Action item:
Every line from the start of the entries up to and including the one bearing "Cressi Gara Modular Carbon – Zbozi.Blesk.cz" must be printed verbatim, without the pictures.

━━━━━ Supplied entries

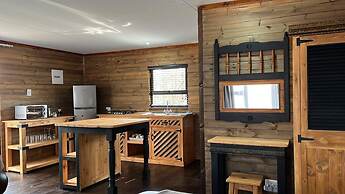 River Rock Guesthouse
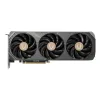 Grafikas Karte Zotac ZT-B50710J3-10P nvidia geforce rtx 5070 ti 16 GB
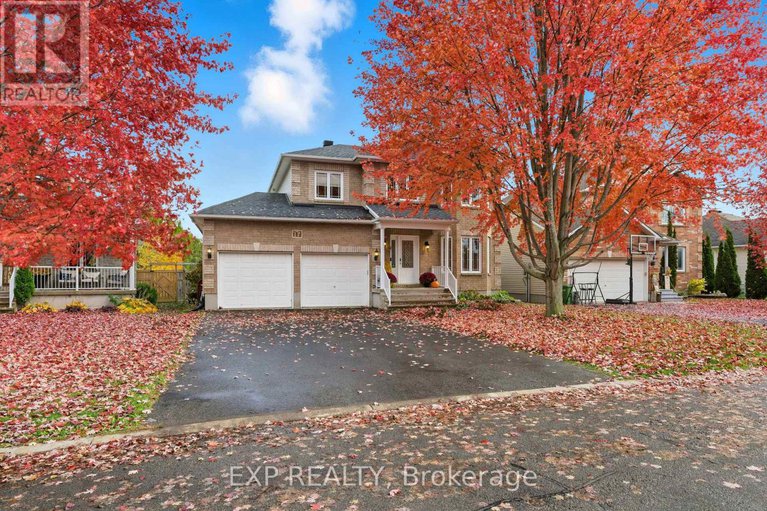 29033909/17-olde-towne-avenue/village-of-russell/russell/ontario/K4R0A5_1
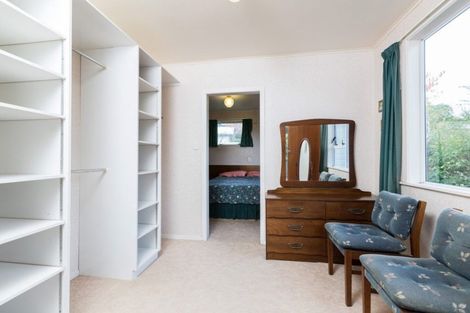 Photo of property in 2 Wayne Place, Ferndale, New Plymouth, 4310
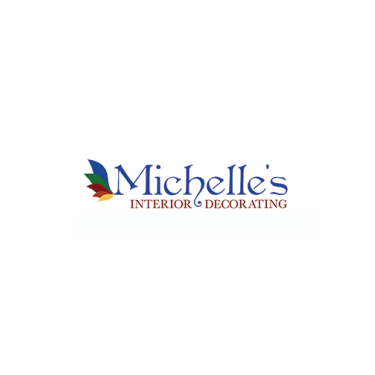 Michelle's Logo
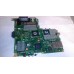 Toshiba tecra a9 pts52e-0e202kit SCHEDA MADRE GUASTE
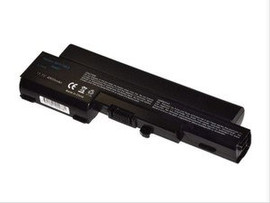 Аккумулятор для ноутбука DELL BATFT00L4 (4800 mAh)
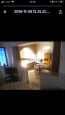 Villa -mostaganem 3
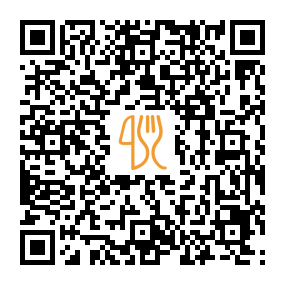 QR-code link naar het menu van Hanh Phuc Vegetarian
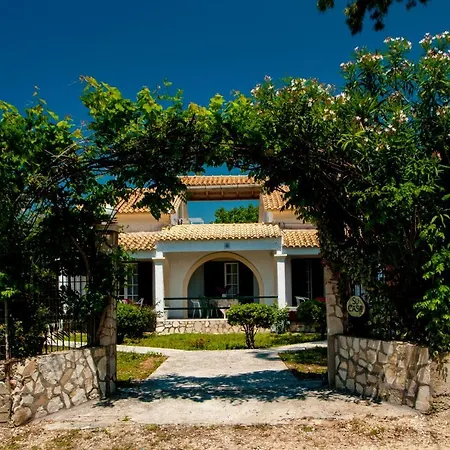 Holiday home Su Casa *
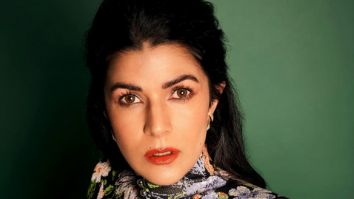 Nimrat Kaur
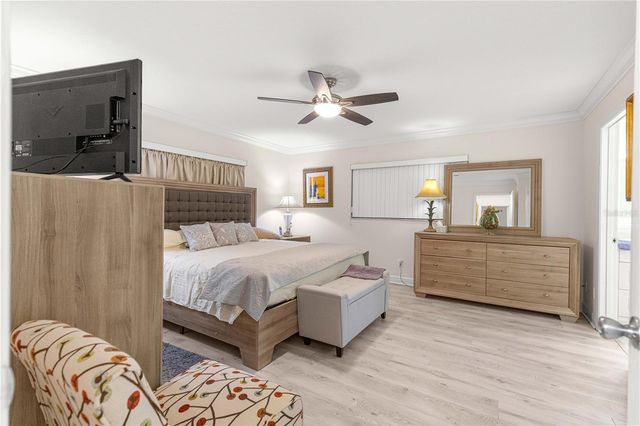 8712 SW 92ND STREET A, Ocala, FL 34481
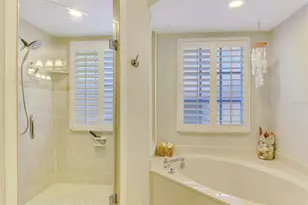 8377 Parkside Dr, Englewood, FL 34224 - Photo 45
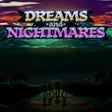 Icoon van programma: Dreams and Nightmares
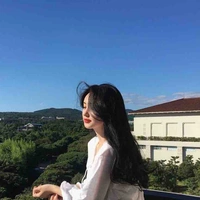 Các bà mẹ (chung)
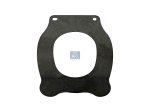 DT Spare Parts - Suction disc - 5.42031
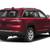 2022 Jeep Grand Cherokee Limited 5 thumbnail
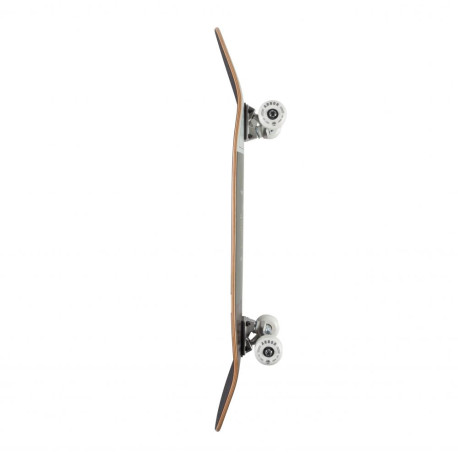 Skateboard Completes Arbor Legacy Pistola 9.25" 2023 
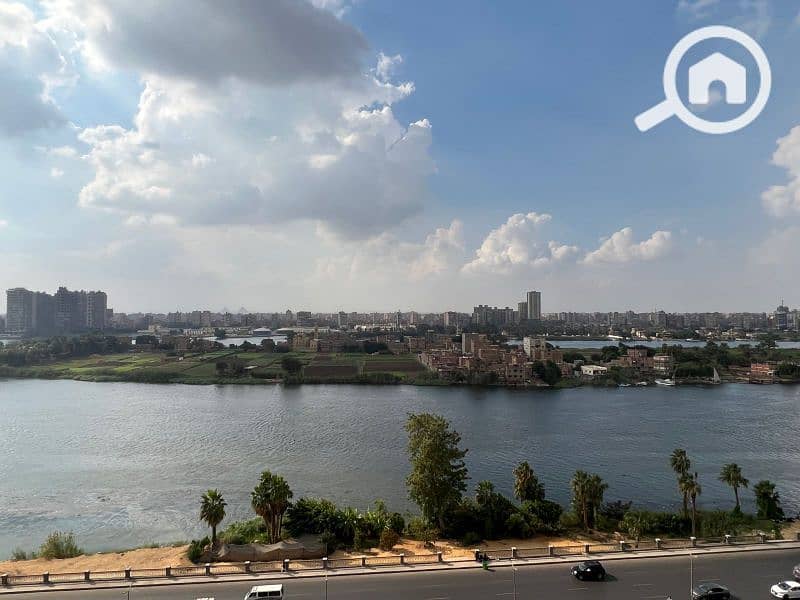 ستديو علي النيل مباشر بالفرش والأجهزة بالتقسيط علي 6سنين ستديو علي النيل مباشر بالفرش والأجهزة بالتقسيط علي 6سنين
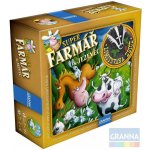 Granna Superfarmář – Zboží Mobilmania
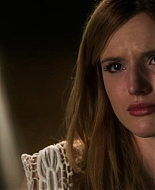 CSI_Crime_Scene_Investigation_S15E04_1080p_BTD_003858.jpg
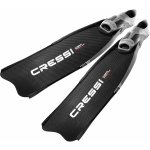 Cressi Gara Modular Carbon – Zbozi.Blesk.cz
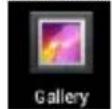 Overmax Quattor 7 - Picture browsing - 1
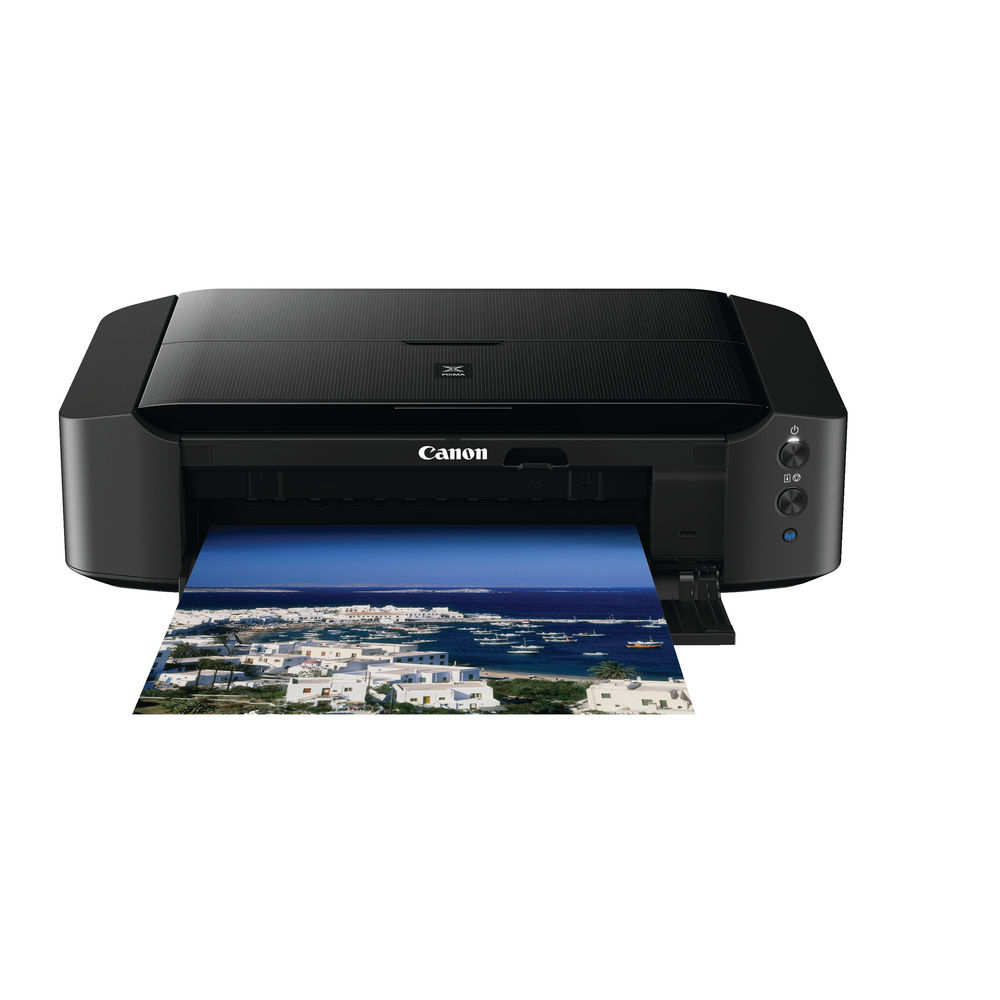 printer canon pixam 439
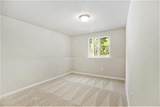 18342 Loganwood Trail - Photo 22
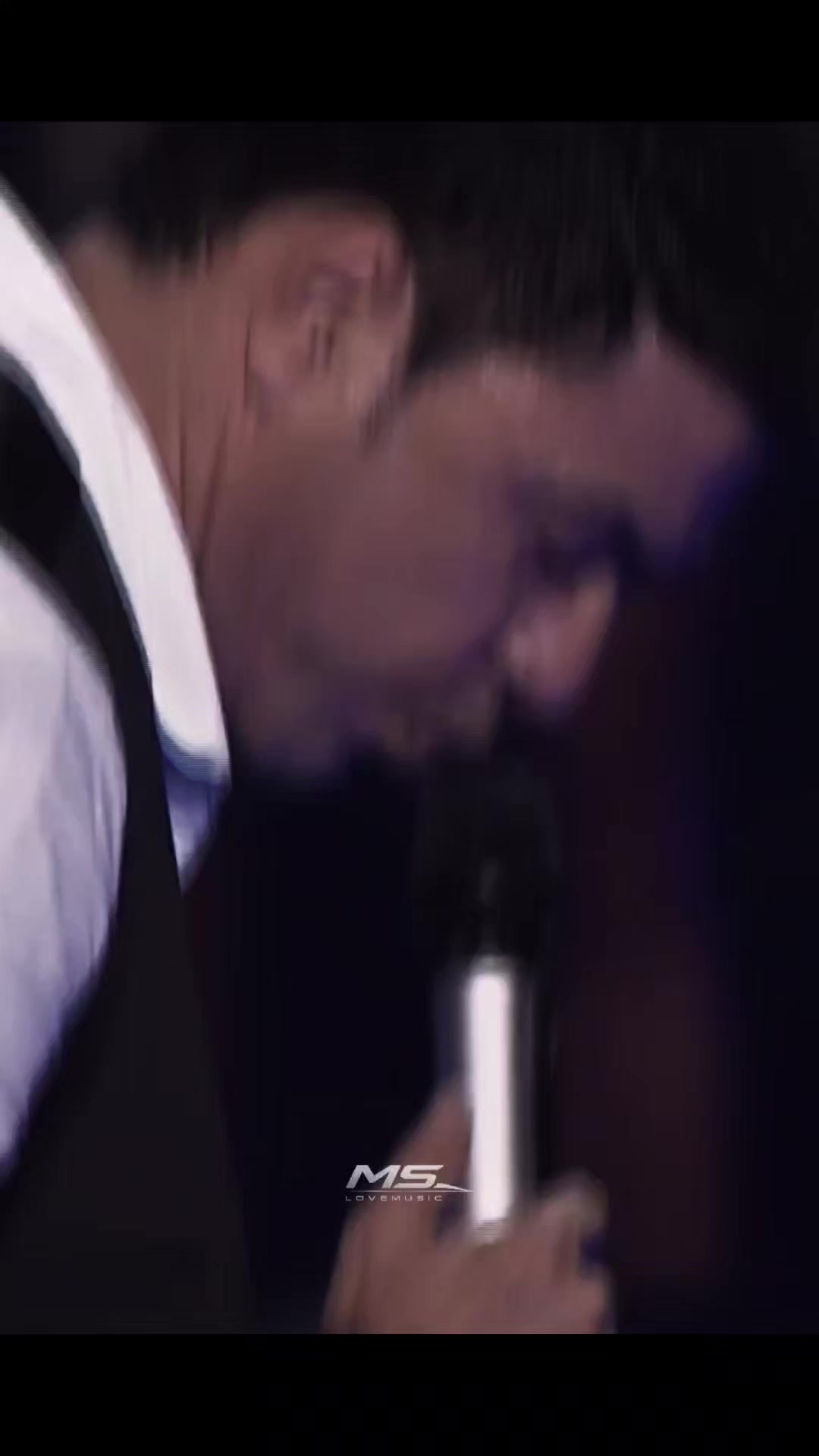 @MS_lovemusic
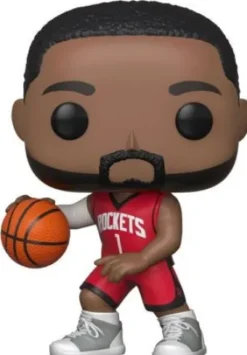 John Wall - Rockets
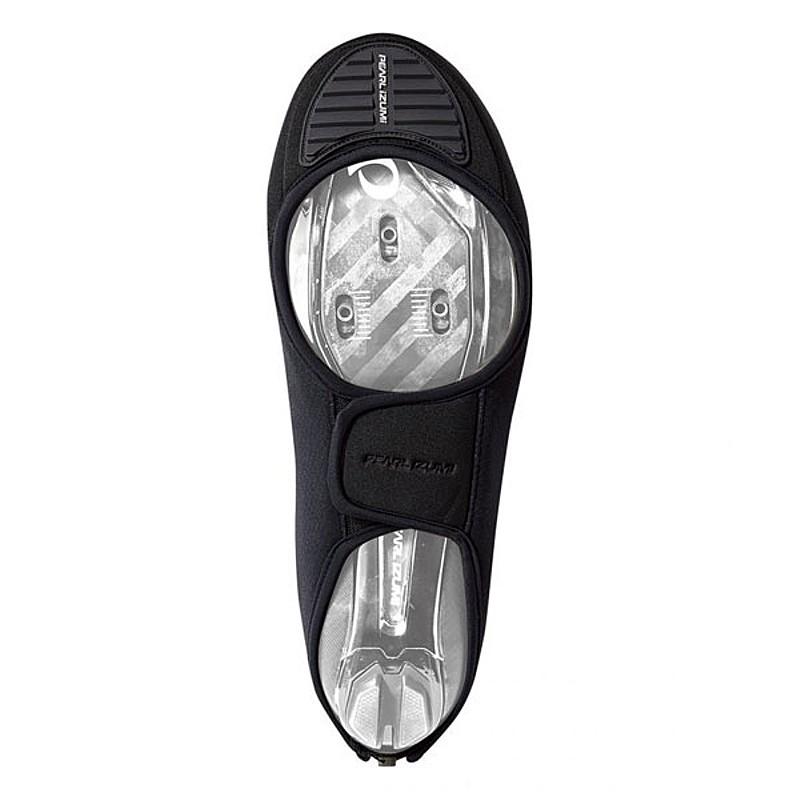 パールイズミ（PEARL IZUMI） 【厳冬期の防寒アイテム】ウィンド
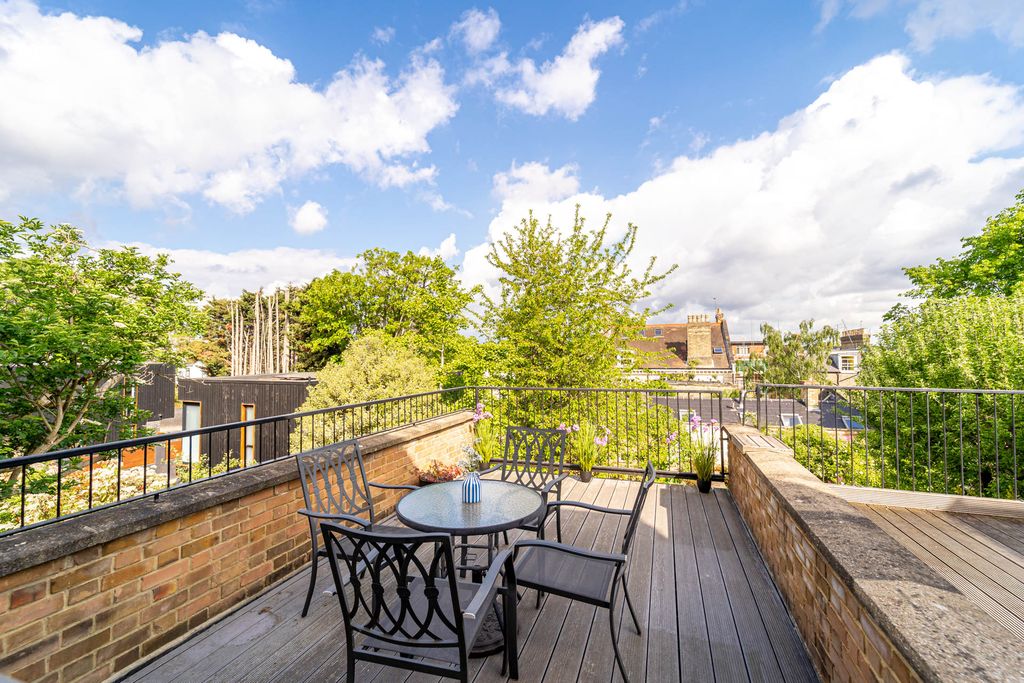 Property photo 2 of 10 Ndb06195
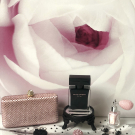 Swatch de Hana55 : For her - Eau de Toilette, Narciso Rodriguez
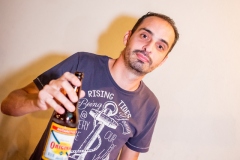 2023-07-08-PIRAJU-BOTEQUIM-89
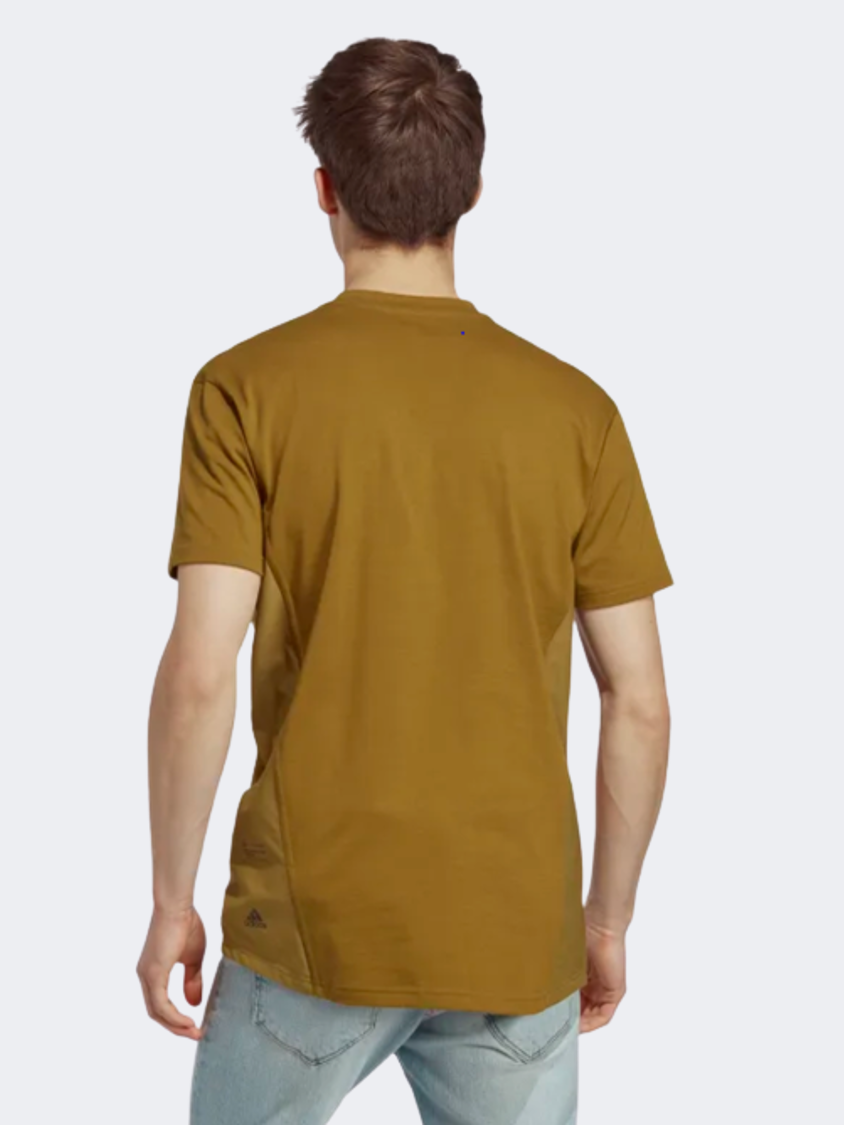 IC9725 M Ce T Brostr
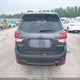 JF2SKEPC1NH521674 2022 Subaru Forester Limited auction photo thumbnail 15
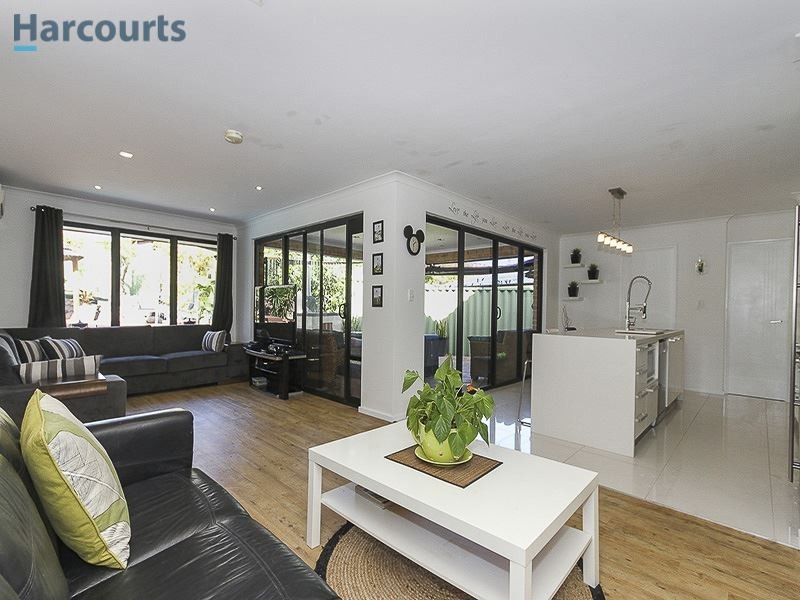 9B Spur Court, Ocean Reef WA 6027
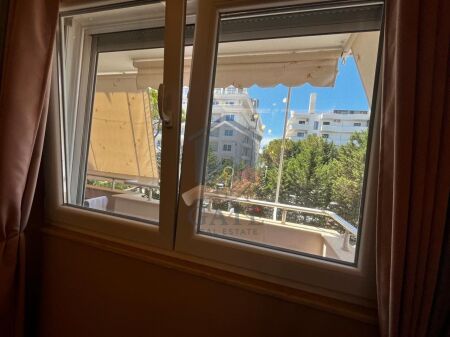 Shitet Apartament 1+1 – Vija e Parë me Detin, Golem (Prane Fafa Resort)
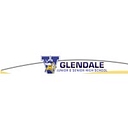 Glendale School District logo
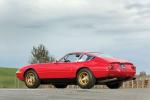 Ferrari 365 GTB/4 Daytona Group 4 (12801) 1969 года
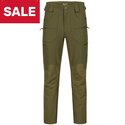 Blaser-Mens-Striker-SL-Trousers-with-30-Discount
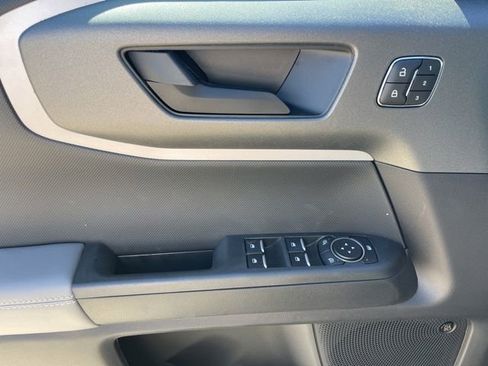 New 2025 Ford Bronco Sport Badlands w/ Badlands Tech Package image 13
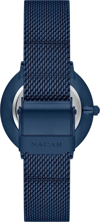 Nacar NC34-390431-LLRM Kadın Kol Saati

━━━━━━━━━━

Response:
 River Rock Guesthouse
 Grafikas Karte Zotac ZT-B50710J3-10P nvidia geforce rtx 5070 ti 16 GB
 29033909/17-olde-towne-avenue/village-of-russell/russell/ontario/K4R0A5_1
 Photo of property in 2 Wayne Place, Ferndale, New Plymouth, 4310
 Michelle's Logo
 Toshiba tecra a9 pts52e-0e202kit SCHEDA MADRE GUASTE
 Аккумулятор для ноутбука DELL BATFT00L4 (4800 mAh)
 Villa -mostaganem 3
 QR-code link naar het menu van Hanh Phuc Vegetarian
 Holiday home Su Casa *
 Nimrat Kaur
 8712 SW 92ND STREET A, Ocala, FL 34481
 8377 Parkside Dr, Englewood, FL 34224 - Photo 45
 Icoon van programma: Dreams and Nightmares
 Các bà mẹ (chung)
 DT Spare Parts - Suction disc - 5.42031
 2022 Jeep Grand Cherokee Limited 5 thumbnail
 Skateboard Completes Arbor Legacy Pistola 9.25" 2023 
 ستديو علي النيل مباشر بالفرش والأجهزة بالتقسيط علي 6سنين ستديو علي النيل مباشر بالفرش والأجهزة بالتقسيط علي 6سنين
 Granna Superfarmář – Zboží Mobilmania
 CSI_Crime_Scene_Investigation_S15E04_1080p_BTD_003858.jpg
 Cressi Gara Modular Carbon – Zbozi.Blesk.cz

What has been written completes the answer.